First, OCC's Clearing Member Trade Assignment (“CMTA”) process allows a Clearing Member that executes a securities options trade (i.e., the Executing Clearing Member) to send the trade directly through OCC to another Clearing Member for clearance and settlement (i.e., the Carrying Clearing Member).[5] Under the CMTA process, an Executing Clearing Member may send options trades directly to a Carrying Clearing Member's omnibus accounts at OCC for clearance and settlement without providing information identifying the specific accounts to which the trade should be assigned. Second, in the “give-up” process, a broker may execute a transaction on an exchange and then assign that transaction to a Clearing Member's omnibus account. Specifically, for customer transactions, a broker who is not an OCC Clearing Member may execute a customer's trade and then “give-up” the trade to the customer's clearing broker, which must be an OCC Clearing Member, without identifying the customer for whom the transaction was executed. Similarly, a trading desk within a Clearing Member Group may execute a non-customer trade and send it to a Clearing Member's omnibus firm account without clearly identifying the account to which the trade should be allocated.[6] Finally, a broker-dealer who participates in a joint back office arrangement with a Clearing Member could execute a non-customer trade that then clears directly in a Clearing Member's omnibus firm account. Transactions executed in this way, as part of a joint back office arrangement with a Clearing Member, could result in a Clearing Member's receipt of a non-customer trade in its omnibus firm account without a clear indication of the account to which the Clearing Member should assign the trade.
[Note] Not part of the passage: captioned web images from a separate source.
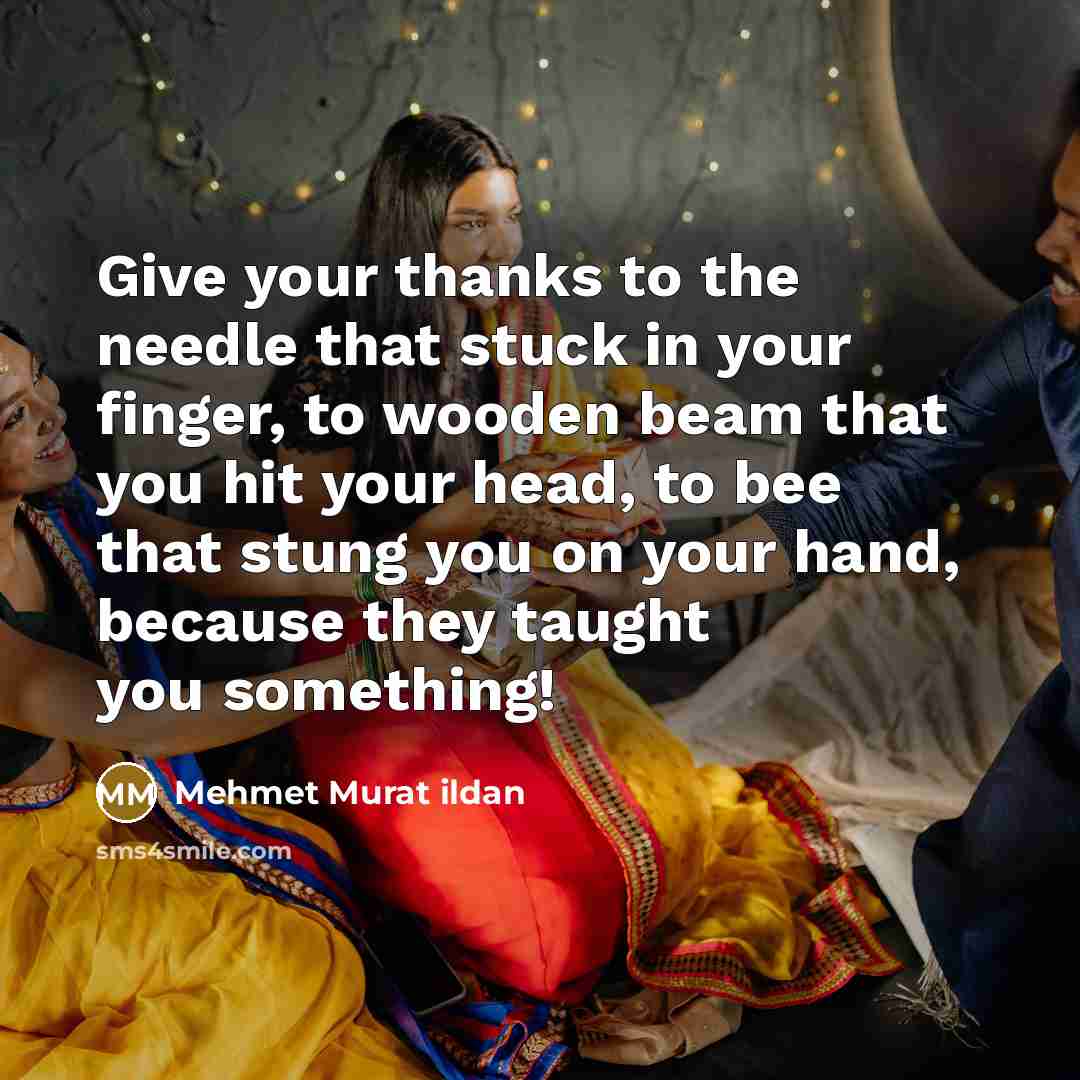 “Give your thanks to the needle that stuck in your…” quote by Mehmet Murat Ildan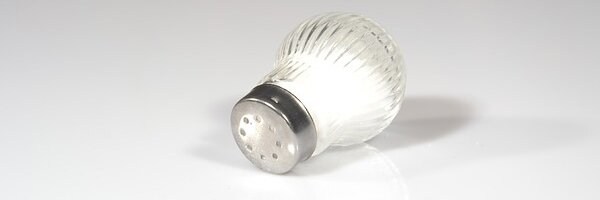 Salt Shaker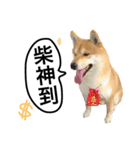 A SHIBAINU from the Huangs（個別スタンプ：24）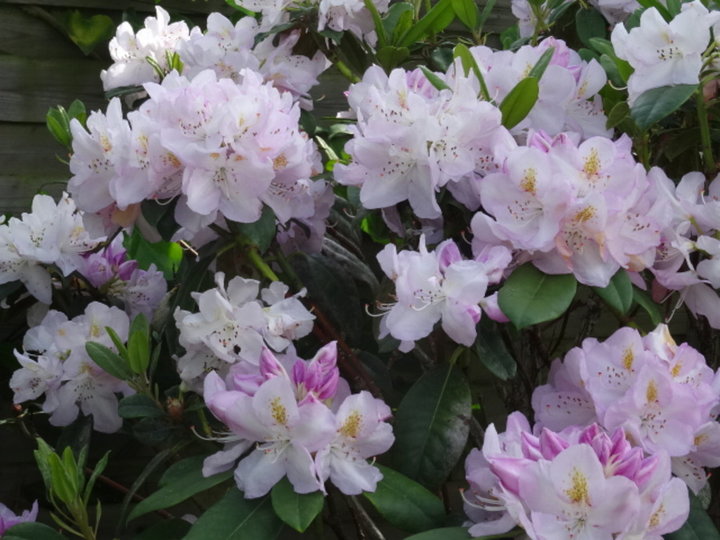 Rhododendron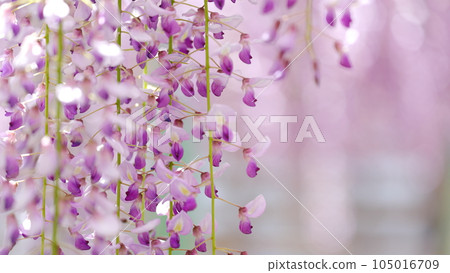 盛開的紫藤花 盛開的紫藤花 105016709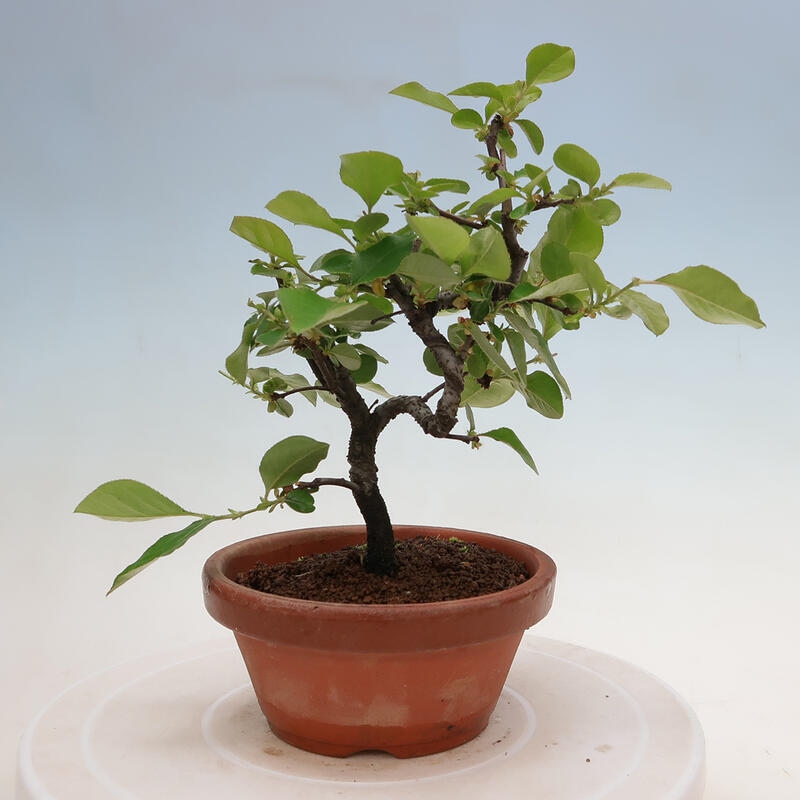 Venkovní  bonsai -  Pseudocydonia sinensis - Kdouloň čínská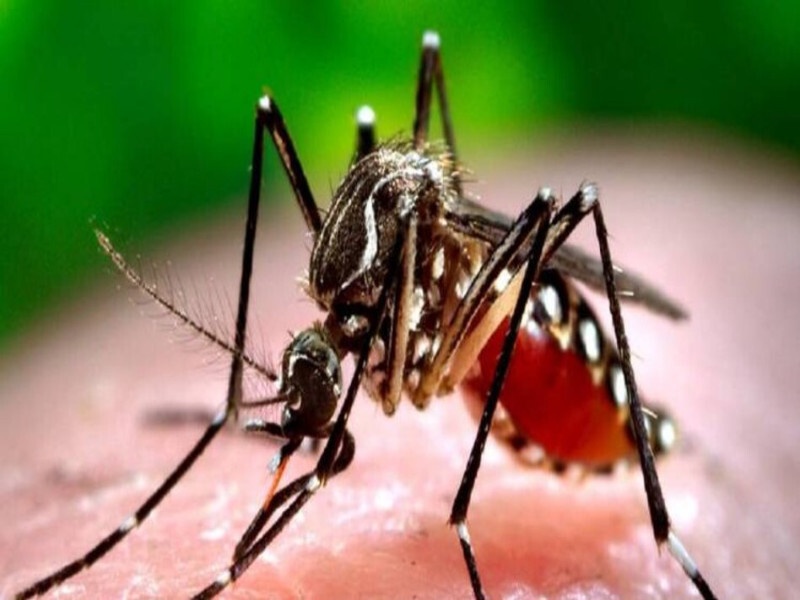उत्तराखंड में डेंगू का कहर जारी, मरीजों का आंकड़ा 600 पार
According to OCC, Clearing Members have raised concerns regarding the timely account identification for trades that a Clearing Member receives through the CMTA, give-up, and joint back office processes.[7] OCC proposes to require the inclusion of an “Actionable Identifier” for all transactions related to a customer account or a non-customer account, Start Printed Page 20690other than Market-Maker transactions,[8] which OCC believes would allow Clearing Members to more timely identify trades as attributable to a particular customer or non-customer account.[9] As defined in the proposed amendment to Rule 401, the Actionable Identifier would consist of either a name, series of numbers, or other identifying information related to the account for which the transaction was executed. OCC would also require that each Clearing Member establish and maintain policies and procedures reasonably designed to include sufficient information in the Actionable Identifier regarding the account that originated the trade to allow the other Clearing Member to promptly clear the transaction.[10] OCC would enforce the Actionable Identifier related requirements through: (1) an annual Clearing Member certification process; and (2) a review of Actionable Identifier policies and procedures during OCC's periodic Clearing Member examinations.
In its proposal, OCC described a three-phase implementation schedule for changes pertaining to the Actionable Identifier.[11] During the first 12 months after approval of the Proposed Rule Change, the following would not constitute a violation of OCC's rules: (i) Failure to include an Actionable Identifier for transactions, or (ii) failure to maintain policies and procedures to provide that sufficient information is included in the Actionable Identifier. Second, from 13 months to 18 months after approval of the Proposed Rule Change, failure to maintain policies and procedures to provide that sufficient information is included in the Actionable Identifier would not constitute a violation of OCC's rules. Finally, beginning 19 months after approval of the Proposed Rule Change, failure to comply with any part of the rule would constitute a violation of OCC's rules, subject to the manner in which OCC enforces such violations pursuant to Rule 1201.
OCC also proposes three changes to improve the language of its Rule 401. First, OCC proposes to add the words “in this rule” to the last sentence of paragraph (a) of Rule 401 to clarify the scope of the sentence. Second, OCC proposes to replace the phrase “the security type” with the “the product type” in paragraphs (a)(1)(G) and (a)(2)(G) of Rule 401 to accurately describe the requirements of the rule. Finally, OCC proposes to replace the phrase “the Give-Up Clearing Member” with “the Given-Up Clearing Member” for consistency with the definition provided in Article I, Section 1.G.(3) of OCC's By-Laws.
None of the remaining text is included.